**Records provided**
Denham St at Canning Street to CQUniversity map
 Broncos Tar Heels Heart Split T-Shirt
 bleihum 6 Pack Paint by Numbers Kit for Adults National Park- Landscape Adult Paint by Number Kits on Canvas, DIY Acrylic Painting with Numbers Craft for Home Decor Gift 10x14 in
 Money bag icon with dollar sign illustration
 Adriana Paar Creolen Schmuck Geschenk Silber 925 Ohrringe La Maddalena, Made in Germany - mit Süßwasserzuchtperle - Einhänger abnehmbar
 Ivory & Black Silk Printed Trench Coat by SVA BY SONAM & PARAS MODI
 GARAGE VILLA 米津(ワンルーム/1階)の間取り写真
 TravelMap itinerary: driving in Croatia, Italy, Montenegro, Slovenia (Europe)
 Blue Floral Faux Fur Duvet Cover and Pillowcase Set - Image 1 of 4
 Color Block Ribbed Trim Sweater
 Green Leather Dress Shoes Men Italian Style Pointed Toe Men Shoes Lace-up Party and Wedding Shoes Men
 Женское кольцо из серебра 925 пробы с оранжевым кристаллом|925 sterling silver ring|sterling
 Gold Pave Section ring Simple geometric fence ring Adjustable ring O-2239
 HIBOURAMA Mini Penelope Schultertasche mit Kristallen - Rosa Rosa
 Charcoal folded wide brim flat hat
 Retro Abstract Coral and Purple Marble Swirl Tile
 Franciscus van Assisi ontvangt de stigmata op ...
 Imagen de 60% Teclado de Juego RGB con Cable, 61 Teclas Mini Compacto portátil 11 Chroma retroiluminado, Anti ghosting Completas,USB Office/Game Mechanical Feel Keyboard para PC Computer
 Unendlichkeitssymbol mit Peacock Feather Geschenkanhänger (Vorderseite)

**What is being asked**
Only the lines from the start of the listing through the line with "Retro Abstract Coral" should be repeated, each exactly as it stands.

**Exercise answer**
Denham St at Canning Street to CQUniversity map
 Broncos Tar Heels Heart Split T-Shirt
 bleihum 6 Pack Paint by Numbers Kit for Adults National Park- Landscape Adult Paint by Number Kits on Canvas, DIY Acrylic Painting with Numbers Craft for Home Decor Gift 10x14 in
 Money bag icon with dollar sign illustration
 Adriana Paar Creolen Schmuck Geschenk Silber 925 Ohrringe La Maddalena, Made in Germany - mit Süßwasserzuchtperle - Einhänger abnehmbar
 Ivory & Black Silk Printed Trench Coat by SVA BY SONAM & PARAS MODI
 GARAGE VILLA 米津(ワンルーム/1階)の間取り写真
 TravelMap itinerary: driving in Croatia, Italy, Montenegro, Slovenia (Europe)
 Blue Floral Faux Fur Duvet Cover and Pillowcase Set - Image 1 of 4
 Color Block Ribbed Trim Sweater
 Green Leather Dress Shoes Men Italian Style Pointed Toe Men Shoes Lace-up Party and Wedding Shoes Men
 Женское кольцо из серебра 925 пробы с оранжевым кристаллом|925 sterling silver ring|sterling
 Gold Pave Section ring Simple geometric fence ring Adjustable ring O-2239
 HIBOURAMA Mini Penelope Schultertasche mit Kristallen - Rosa Rosa
 Charcoal folded wide brim flat hat
 Retro Abstract Coral and Purple Marble Swirl Tile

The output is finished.